Let me summarize three opportunities that have already become clear to me this week. The first is that, as leaders, we are Made for Something Bigger. It’s part of our vision, and it’s something we need to keep working on all the time, every week and month. If we don’t do that, we risk getting stuck where we are, in an expert or manager mindset that is not helping to drive positive changes in our world. Asking ourselves a series of challenging open questions is a good way to work on this.
The second opportunity is to overcome the resistance that inevitably shows up when we work on Something Bigger. The stories I have heard over the past years from leaders I have coached attest to the importance and urgency of overcoming this resistance, which can come from people and conditions in our environment, and also frequently from inside ourselves. The third opportunity lies in collaboration. My participation in this week’s leadership intensive has benefited tremendously from working with the other leaders who joined. Moreover, the stories of the OMLAS leaders attested to the power of working together in teams and learning together out loud while working on a project challenge. It reminded me of Professor Rosabeth Kanter’s 4th key to leading positive change: Team Up!

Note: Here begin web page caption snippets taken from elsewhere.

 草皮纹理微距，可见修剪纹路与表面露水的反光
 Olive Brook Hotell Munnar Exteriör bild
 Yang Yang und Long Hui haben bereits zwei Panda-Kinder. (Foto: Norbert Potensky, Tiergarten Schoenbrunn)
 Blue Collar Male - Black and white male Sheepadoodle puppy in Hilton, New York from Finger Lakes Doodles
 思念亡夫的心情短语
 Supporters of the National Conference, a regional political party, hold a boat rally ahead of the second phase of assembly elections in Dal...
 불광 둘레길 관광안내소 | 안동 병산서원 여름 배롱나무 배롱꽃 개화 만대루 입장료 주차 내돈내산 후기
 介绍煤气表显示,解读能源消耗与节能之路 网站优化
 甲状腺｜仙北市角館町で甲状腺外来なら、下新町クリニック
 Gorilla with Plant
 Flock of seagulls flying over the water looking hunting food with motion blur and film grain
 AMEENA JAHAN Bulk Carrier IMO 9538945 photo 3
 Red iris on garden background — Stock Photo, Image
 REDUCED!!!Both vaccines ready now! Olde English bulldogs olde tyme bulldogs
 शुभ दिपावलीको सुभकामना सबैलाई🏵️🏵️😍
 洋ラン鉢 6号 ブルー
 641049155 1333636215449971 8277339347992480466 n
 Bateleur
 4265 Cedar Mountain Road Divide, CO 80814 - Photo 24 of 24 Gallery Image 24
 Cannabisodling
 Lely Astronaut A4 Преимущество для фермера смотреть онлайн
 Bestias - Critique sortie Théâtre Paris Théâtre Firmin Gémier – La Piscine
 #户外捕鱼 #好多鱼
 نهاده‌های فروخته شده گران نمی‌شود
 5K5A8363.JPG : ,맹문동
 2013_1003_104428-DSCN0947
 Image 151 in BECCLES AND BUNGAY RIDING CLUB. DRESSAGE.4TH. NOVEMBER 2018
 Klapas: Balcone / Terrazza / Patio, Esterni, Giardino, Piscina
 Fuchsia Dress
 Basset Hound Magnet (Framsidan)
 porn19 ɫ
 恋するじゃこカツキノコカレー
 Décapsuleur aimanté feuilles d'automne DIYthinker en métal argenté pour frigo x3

And what I as a leadership coach can contribute when coaching teams besides individual leaders.
Question
My question for you this week may well be the most important leadership question that anyone can ask you, so please give it your careful consideration:
If you accept that you as a leader are Made for Something Bigger, then what is that Something Bigger that inspires you deep down in your dreams? Or are you satisfied to stay where you are, with the mindset of an expert or manager?
I can’t wait to see your responses to this question, so do reach out. Over the past 15 years of coaching leaders, I have seen again and again that leaders can become Players in Something Bigger rather than holding back and limiting themselves to the role of Spectators who cheer others from the stands. Leaders get going when they take on a challenge, and Teaming Up is, in most cases, the best way to advance.